UnknownIf the pie charts and slide shows of “An Inconvenient Truth” got you thinking about climate change, then the up-close-and-personal on-location footage of “Chasing Ice” should make you a believer.

The documentary (directed and photographed by Jeff Orlowski) follows the efforts of photographer James Balog and his Extreme Ice Survey Project as they travel to Greenland, Iceland and Alaska to create a wide-ranging photographic study of the world’s glaciers. The story begins in 2005 when Balog documented the changing climate in the Arctic for National Geographic. He went in a skeptic, but was soon convinced that the ice contained the incontrovertible truth about global warming. Expanding his project from a magazine assignment to an elaborate 25 camera shoot –snapping pictures every hour as long as there was daylight—he created an eye-opening time-lapse account of a world in flux.

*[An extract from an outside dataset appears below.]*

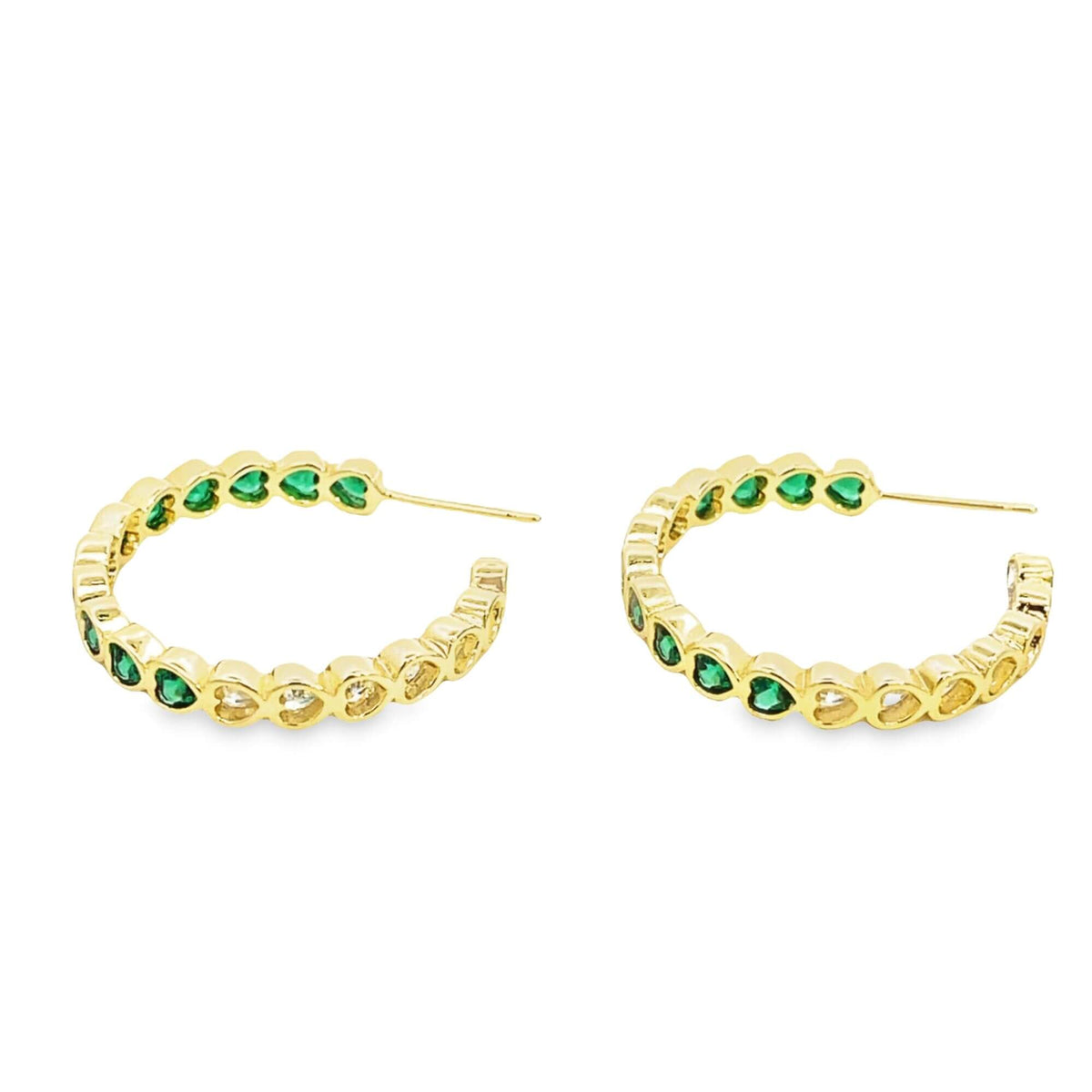 Part Colored CZ Heart Hoops (J315) MIA Jewelry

If nothing else “Chasing Ice” captures the power of Mother Nature. Balog’s images are starkly beautiful, showing these ancient glaciers bowing to the pressures of a modern world as they disappear at a shocking rate. But along with that strange beauty comes an uncomfortable feeling that these images are signaling something with huge repercussions. They are awe inspiring in a way that “An Inconvenient Truth’s” graphs and statistics aren’t.

Climate change is a political hot button subject, but if even if you don’t agree the earth is changing as a result of humankind’s reliance on fossil fuels, it is undeniable that “Chasing Ice” provides powerful and thought-provoking fodder for discussion.